Unzählige waren beteiligt an den Verbrechen der Nationalsozialisten. Aber kaum ein Name ist so untrennbar mit der Grausamkeit, der Folter und dem Sadismus der Nationalsozialisten verbunden wie Ilse Koch, die Hexe von Buchenwald. Ilse Koch war die Frau des Lagerkommandanten Karl Otto Koch. Regelmäßig soll sie die Häftlinge gedemütigt, geschlagen und gefoltert haben, beispielsweise wenn sie diese für ihre Hausarbeit einspannte. Viele Gefangene seien auf ihren Befehl oder wegen ihrer Anzeige hart bestraft und gefoltert worden. Koch handelte grausam und willkürlich. Später kamen nicht haltbare Gerüchte auf, sie habe Lampen aus tätowierter Menschenhaut besessen. Ohne Frage existierten präparierte Überreste von Gefangenen, die ich an dieser Stelle allerdings nicht weiter beschreiben werde.
Als die Amerikaner 1945 immer näherkamen, wurden die Gefangenen zu sog. Todesmärschen zur Evakuierung des Lagers gezwungen. Von den 21.000 Menschen, die zu dieser Zeit in Buchenwald interniert waren, konnten einige mutige Häftlinge durch einen Hilferuf an die Amerikaner, Boykotts und Sabotagen an der SS die völlige Evakuierung des Lagers verhindern und das KZ am 11. April 1945 unter ihre Kontrolle bringen.
Dwight D. Eisenhower beschreibt die erste Begehung des KZs wie folgt: „Nichts hat mich je so erschüttert wie dieser Anblick.“
Auch heute noch kennt jeder die Videos, die die Amerikaner nach der Befreiung des Lagers gefilmt hatten.

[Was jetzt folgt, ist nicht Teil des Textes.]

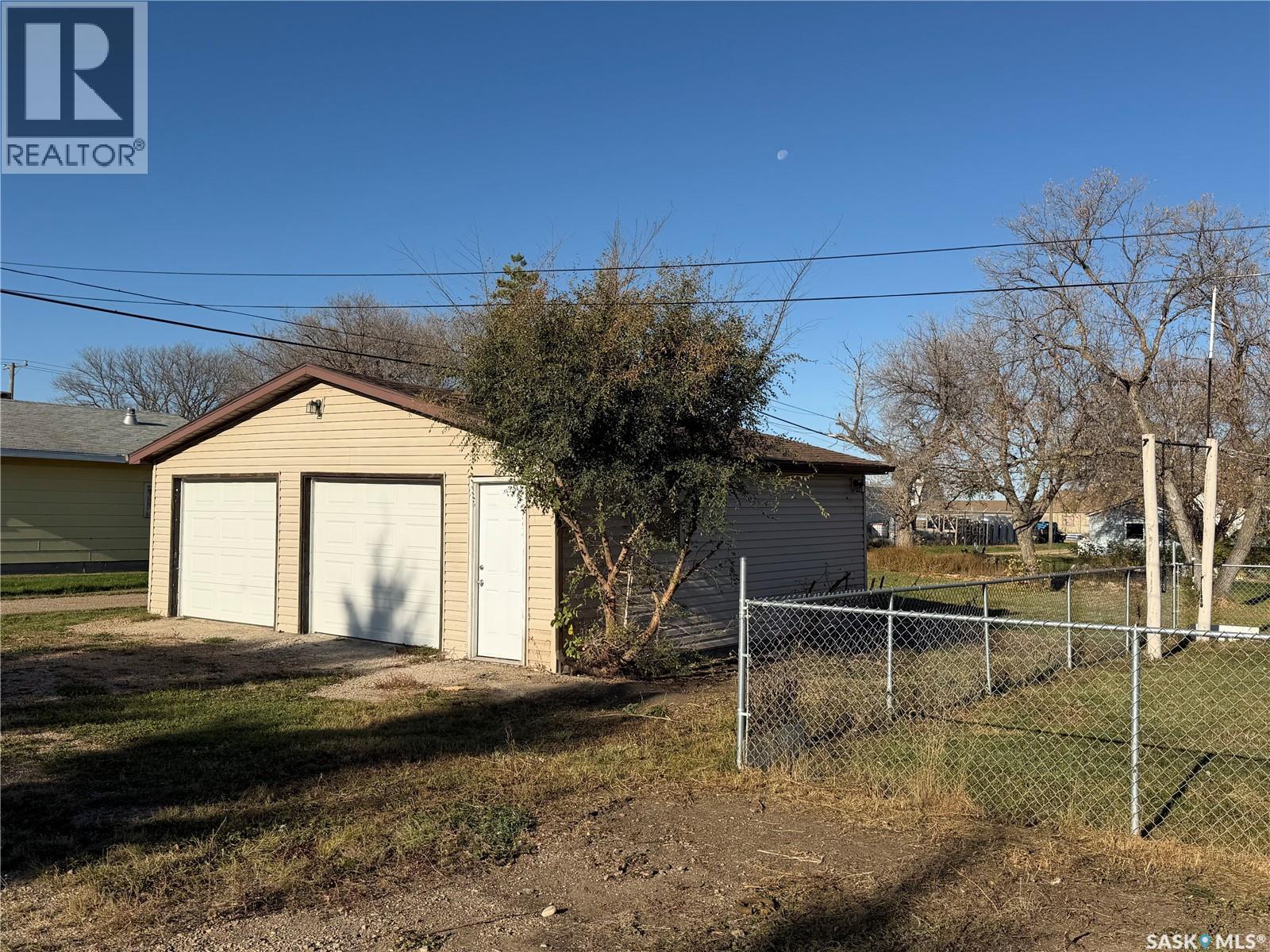 322 2nd Avenue, Young, Saskatchewan  S0K 4Y0 - Photo 4 - SK020733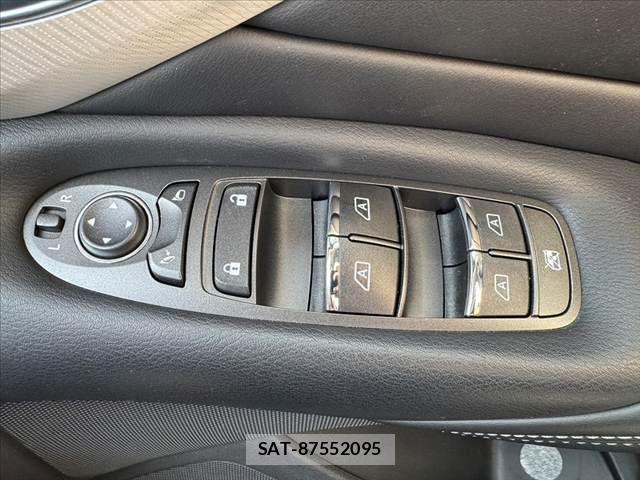 Nissan SKYLINE 2022-03 7330125-21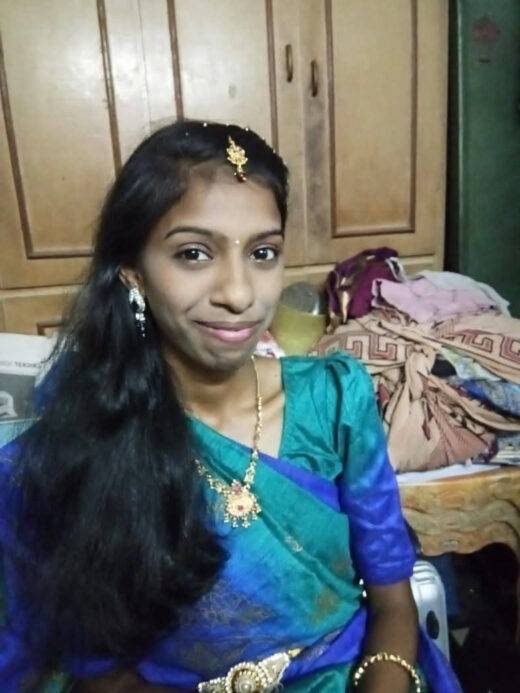 Nangi Selfie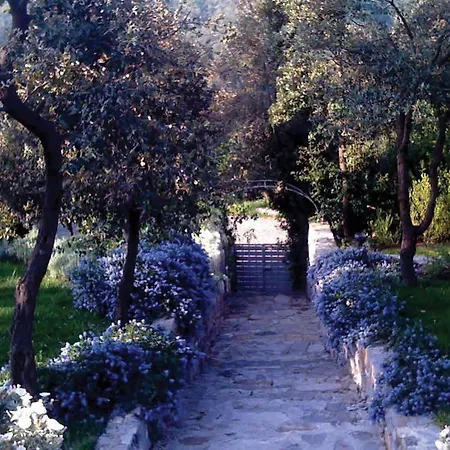 Casa Leopoldo By Boutique Luxe Ligurian Villa Castiglione Chiavarese
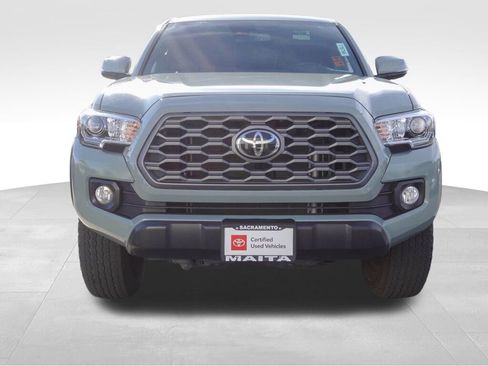 Certified 2022 Toyota Tacoma TRD Off-Road image 9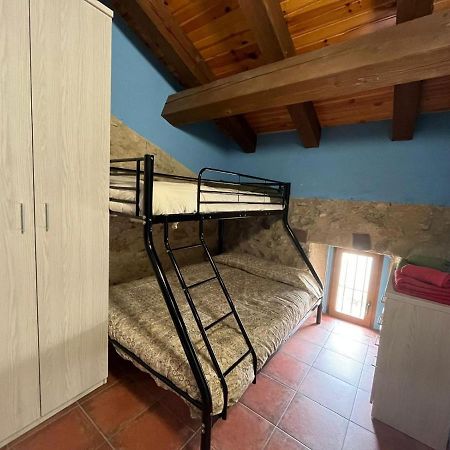 El Horno Albergue Manzanos Kültér fotó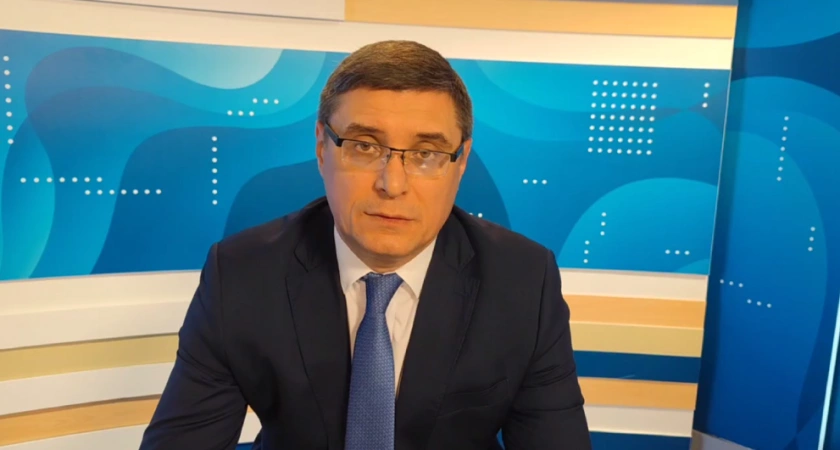 Фото к статье: Про СВО, медвуз и летнюю подработку для студентов: губернатор Авдеев провел "прямую линию"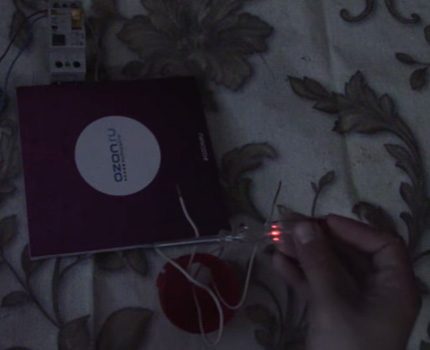 Bij contact met de fase licht de lamp op.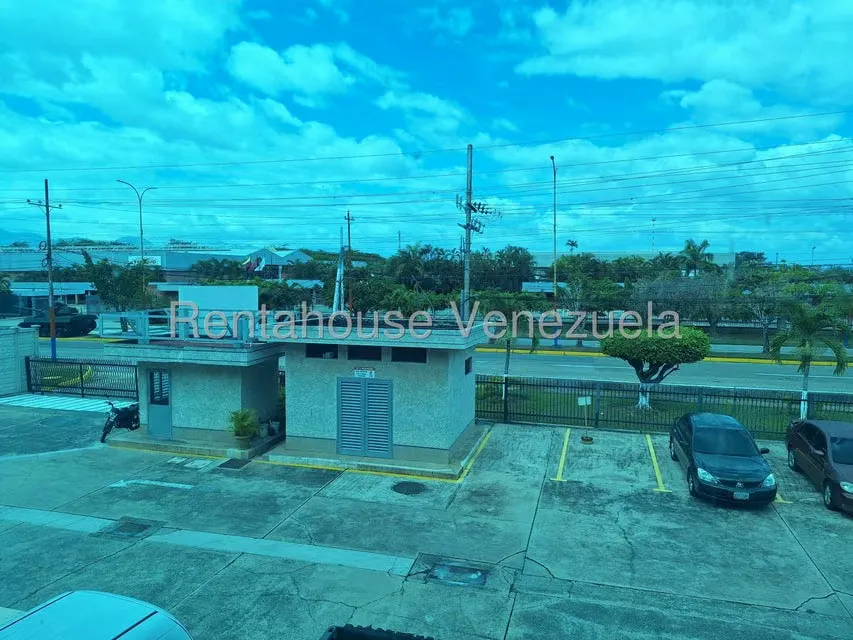 Oficina en Venta en Zona Industrial, Carabobo - 32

Aufgerührt von dem Unrecht an den Häftlingen zwangen die Amerikaner die Bewohner Weimars, das Lager zu besichtigen und sich die ausgemergelten Leichen, aufgetürmt auf Berge sowie die präparierten Souvenirs anzusehen. Diejenigen, die überlebt hatten, waren für immer gezeichnet. So schreibt Elie Wiesel:
„Aus dem Spiegel blickte mich ein Leichnam an. Sein Blick verlässt mich nicht mehr.“ (Elie Wiesel Nacht, 152.)
Am 11. April 1947, genau zwei Jahre nach der Befreiung des Lagers, begannen die sog. Buchenwald-Hauptprozesse. Viele NS-Verbrecher wurden verhaftet und inhaftiert, die meisten von ihnen bestritten die Vorwürfe, unter ihnen auch Ilse Koch.
Von den Sowjets wurde das Lager später weitergenutzt. Während der Inbetriebnahme des Lagers starben mindestens 7000 weitere Menschen, viele von ihnen Nationalsozialisten, Verdächtige und politische Gegner der Sowjets.
Inzwischen informieren die Mitarbeitenden im KZ Buchenwald seit 1958 über die Verbrechen, die dort begangen wurden, das Leben der Gefangenen und der Zeit des Nationalsozialismus. Kein anderes KZ in Deutschland verfügt über eine solche Symbolkraft als Zeichen gegen das NS-Regime.
Zum diesjährigen Jahrestag reisten 16 Überlebende Buchenwalds zurück nach Weimar. Die Überlebenden Anastasia Gulej kam erst wieder wegen ihrer Flucht aus der Ukraine nach Deutschland. Boris Romantschenko, der ebenfalls ein Buchenwaldüberlebender war, starb im März bei einem russischen Angriff auf seine Heimat Charkiw.
Josef Schuster, der Vorsitzende des Zentralrats der Juden in Deutschland bedauert, dass "ausgerechnet auch Überlebende der Shoa am Ende ihres schweren Lebens jetzt erneut so leiden müssen". Und für ihn steht fest: "Unser Gedenken ist mit dem Versprechen verbunden, zu heutigem Unrecht nicht zu schweigen."